Coldsnap is a really bad set, but it's a really bad set by virtue of trying to do a dumb thing (make a standalone-draftable small set) in service of revisiting a terrible in retrospect block (Ice Age.) Inasmuch as it was janky and weird and full of gartbagey cards that was a pretty accurate recreation of the Ice Age experience. Similarly, the core problem with BFZ was trying to return to two different things at once -- ZEN (which they actually did a pretty solid job of) and ROE (which they fucked up on a very conceptual level.)
I hesitate to blame too much on the contracted design schedule since I think there are some fundamental conceptual issues with the set regardless of the amount of time they have
Conceptual problems with Magic sets are almost always the result of time issues, though. A lot of the best blocks have a backstory like "we had this tough problem, but then someone had a great idea of how to crack it early on and we never looked back!" while a lot of the problematic blocks have a backstory like "we had this tough problem, and didn't hit on a solution until the last minute." Because they have a completely inflexible schedule, a set that wastes 3+ months of design before anyone figures out the right approach to take just can't ever make that back up, and the development team winds up patching holes when they should be assembling a fun limited/Standard environment; BFZ had that exact problem plus made it worse with the 3 sets -> 2 sets switch.
I call Onslaught the creative nadir of Magic for a reason. It's the period where they had a top-down corporate requirement to pursue "magepunk" (i.e. ludicrous edgy nonsense designed to appeal to twelve-year-olds), the period of the "people from under the white sun" approach to setting design where every plane had exactly five human and five humanoid races that were all tediously on-color, and the period where they were obsessively pursuing foolish-in-retrospect "ideas" like eliminating merfolk and sea creatures because "lol how would they fight on the land??!!" The terrible Mirari-mutation design in Onslaught block, where each of the eight tribes transformed into some kind of bizarre and hideous thing over the course of the three sets, is really just a manifestation of all those bad ideas shoved into one place.
You absolutely can't look at return to other planes and sets as "This would be great to revisit old stuff and make it better" because you have to figure out the cost to try to hype up the stuff. Nostalgia sells itself, while hatred for things old and ancient and terrible (Homelands) would be hard to overcome. You'd basically have to make an entirely new set that just basically shits all over the original cards, power-wise. I think they'll eventually go back to Ulgrotha; it will just take many many years so players can forget about Homelands (which I'm not sure they can, if ever). The problem being there's always a list of "BEST/WORST X" and Homelands always takes the Worst spot.

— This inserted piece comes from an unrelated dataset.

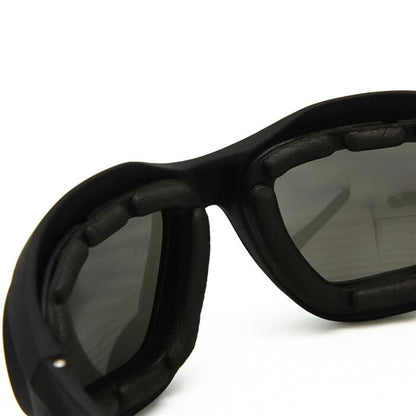 StormGuard | Lunettes de soleil MotoVision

And oh I love the new Allies mixed with old Allies in my Modern Allies deck. I still need to tweak it as it did kinda poorly at my FNM Modern tourney.
I love the archetype so much I'm eager to see what comes out of OGW.

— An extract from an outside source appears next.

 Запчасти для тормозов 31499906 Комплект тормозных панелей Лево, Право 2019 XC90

They have to make an entirely new set, regardless of the quality of the original set. It's why I'm not any more excited about the return to Innistrad, despite it being my favorite set (and probably plane as well) of all time. Nothing is guaranteed on the card quality front, just like this return or the return to Ravnica or the return to Mirrodin. If anything, their record with returns- and the mentality it seems to make them bring- has me LESS excited than I'd feel if they were tackling a brand new set or trying to come at a plane that failed from a new angle. At least there they wouldn't be trying to get lightning to strike twice in a similar way.